Юнги мягко подтолкнул его к боковой дорожке, и Чимин послушно двинулся, но все никак не мог перестать оглядываться, смотрел широко распахнутыми блестящими глазами.
— Чимини, — повторил Юнги настойчиво, — им не до нас. Их даже не видно уже. Мы почти на шоссе, здесь машины, за нами не побегут.
Чимин пришел в себя уже на остановке, когда оказалось, что они не одни: вместе с ними автобуса ждала приятная на вид пожилая леди в шляпке и дождевике. Юнги усадил Чимина на край скамьи, а сам остался стоять.
Чимин снова потянулся в карман за телефоном, нащупал его, потянул за краешек и тут же отпустил — кажется, у него дрожали руки.
— Посмотри, сколько там еще, — попросил он.
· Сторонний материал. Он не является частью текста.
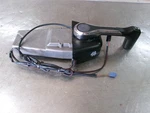 Oem Suzuki Outboard Single Binnacle Control Box 67200-88L20. Fixed Price $329.99.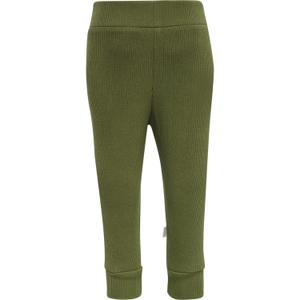 product/h/u/hummel_214056-6414_green_2.jpg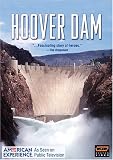 American Experience - Hoover Dam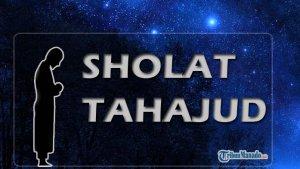 sholat-tahajud-inilah-surah-surah-sering-dibaca-rasulullah-saat-sholat-tahajud-1.jpg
Маячок на приближающемся автобусе горел на карте в километре отсюда. Плюс вечерние светофоры.
— Две минуты, — ответил Юнги.
Вместе с Чимином он ждал этого автобуса, как спасительного ковчега. Он боялся, что Чимин во всех случившихся неприятностях будет винить его, но тот, едва оказавшись в салоне, устроился на соседнем с Юнги сиденье, привалился плечом и закрыл глаза, не то задремав, не то просто уйдя в себя.
И тот факт, что Чимин все это время не отстранялся и даже наоборот, пытался коснуться, когда мог, приводил Юнги в бешеный, но тихий восторг.